### Task directions
After locating the line with "Image 8 of 30 For 10 Lincoln Place" below, output it and each following line exactly, stopping after the line with "Resale - Apartment". No pictures.

### Available data
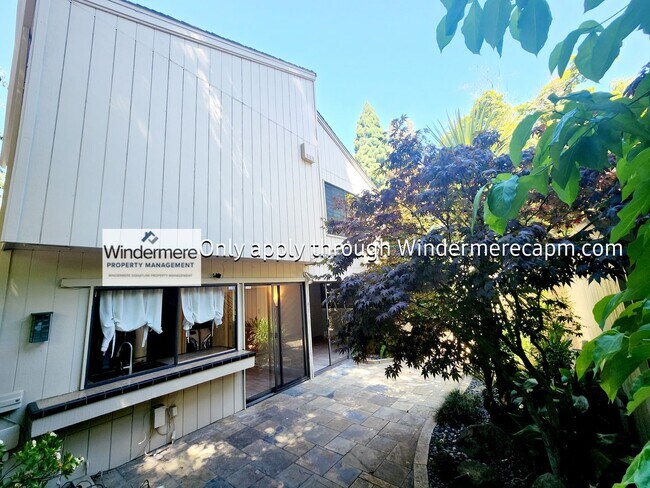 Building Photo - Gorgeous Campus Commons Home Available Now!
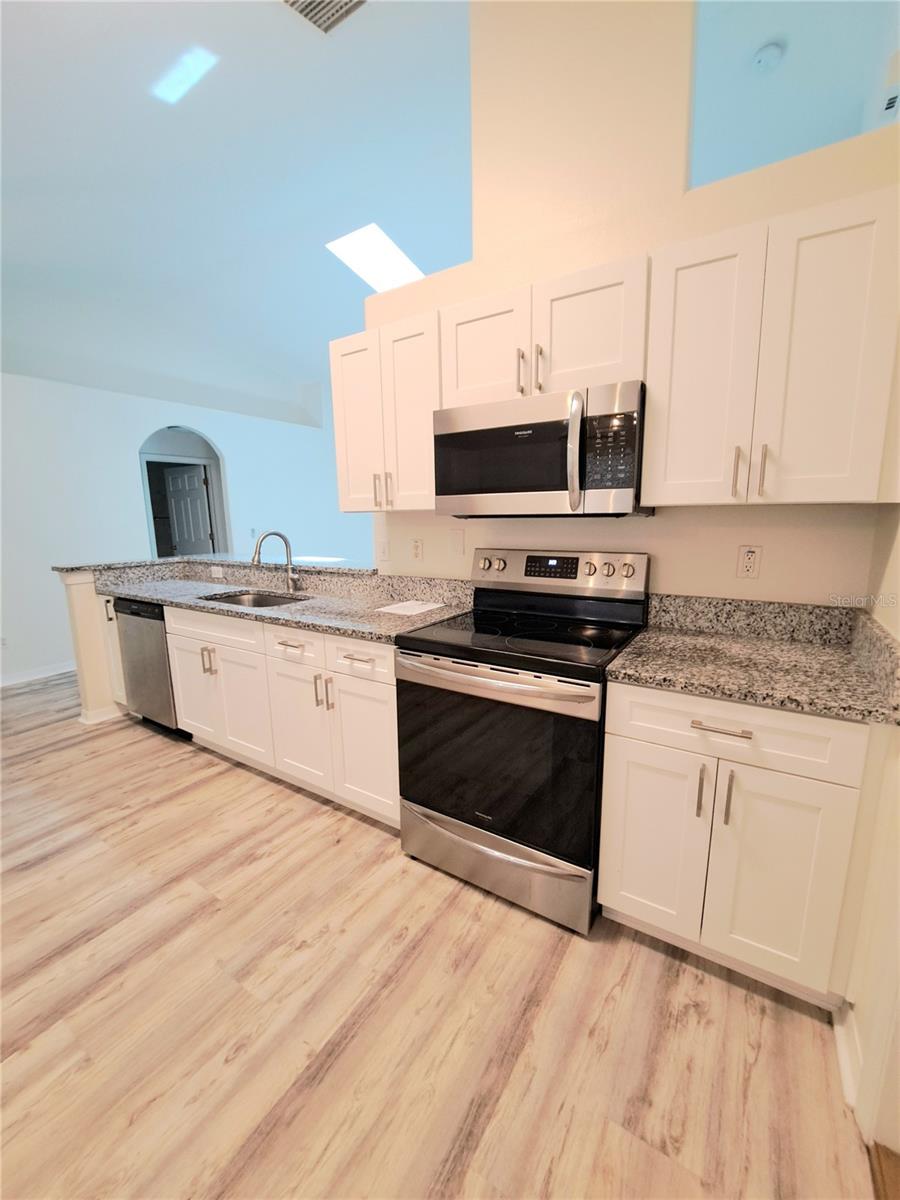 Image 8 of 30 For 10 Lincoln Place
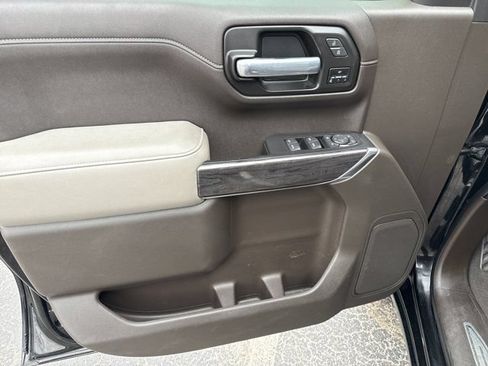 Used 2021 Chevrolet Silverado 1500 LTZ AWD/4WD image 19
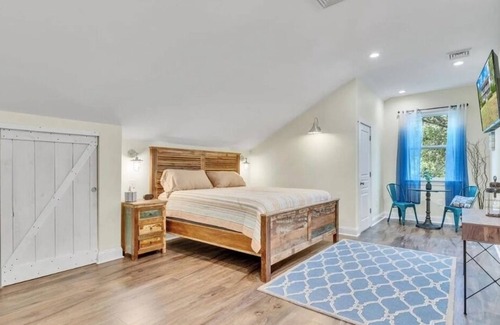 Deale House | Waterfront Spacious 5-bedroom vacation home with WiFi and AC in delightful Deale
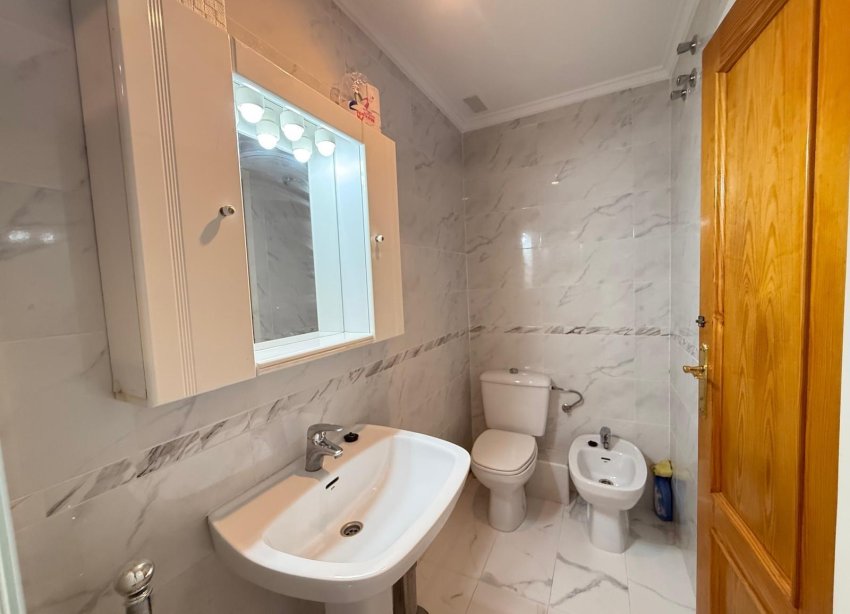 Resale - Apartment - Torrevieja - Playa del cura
* * *
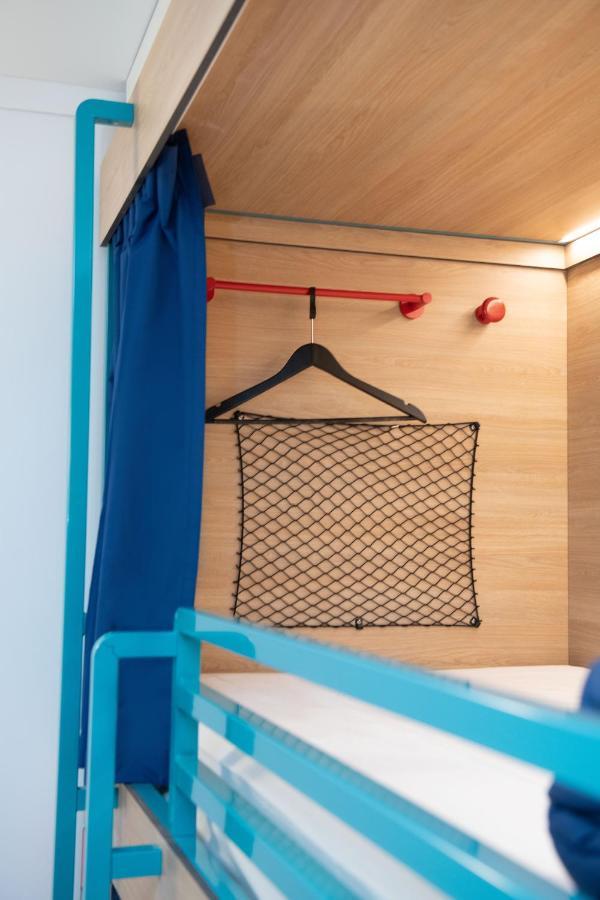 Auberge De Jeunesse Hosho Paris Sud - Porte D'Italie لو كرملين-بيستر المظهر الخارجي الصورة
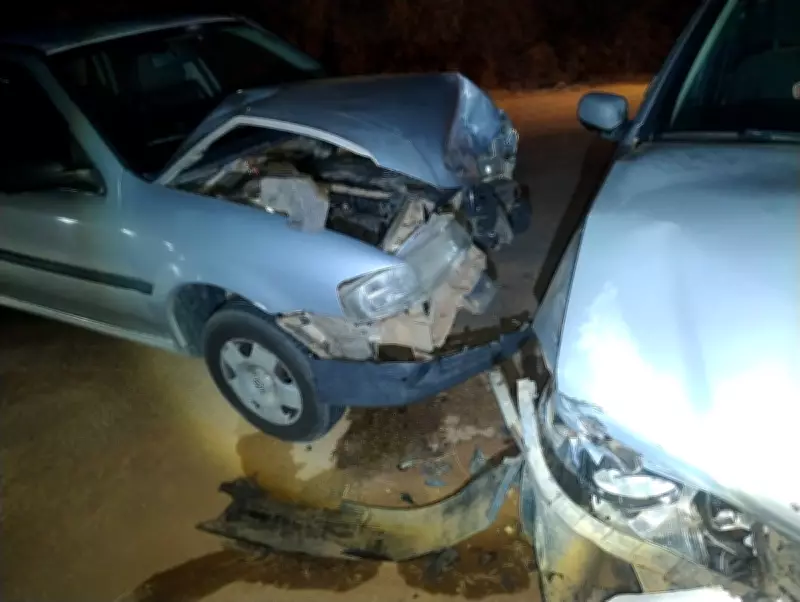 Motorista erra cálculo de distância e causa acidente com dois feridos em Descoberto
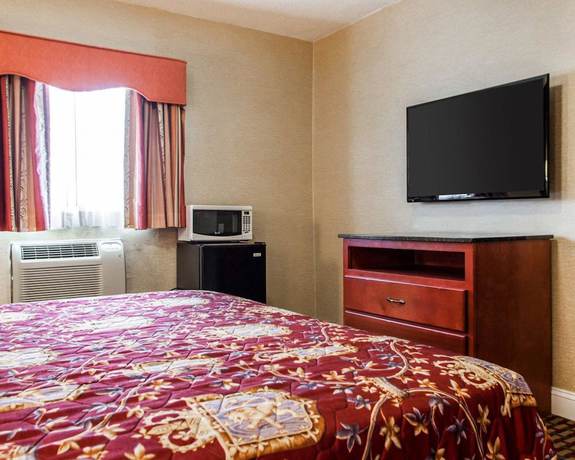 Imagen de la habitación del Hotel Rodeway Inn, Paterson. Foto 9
---
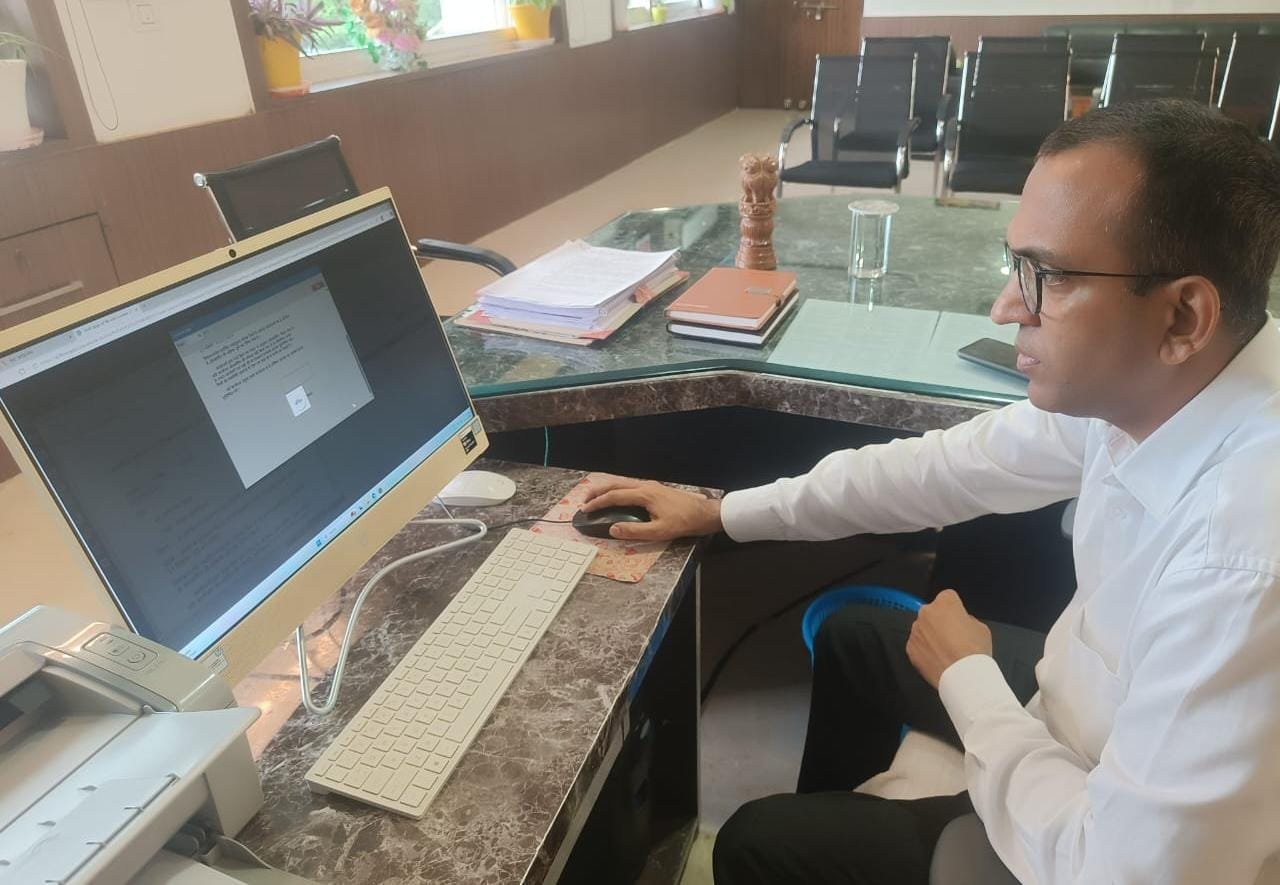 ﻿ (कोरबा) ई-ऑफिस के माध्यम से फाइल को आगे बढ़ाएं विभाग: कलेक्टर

### Answer section
 Image 8 of 30 For 10 Lincoln Place
 Used 2021 Chevrolet Silverado 1500 LTZ AWD/4WD image 19
 Deale House | Waterfront Spacious 5-bedroom vacation home with WiFi and AC in delightful Deale
 Resale - Apartment - Torrevieja - Playa del cura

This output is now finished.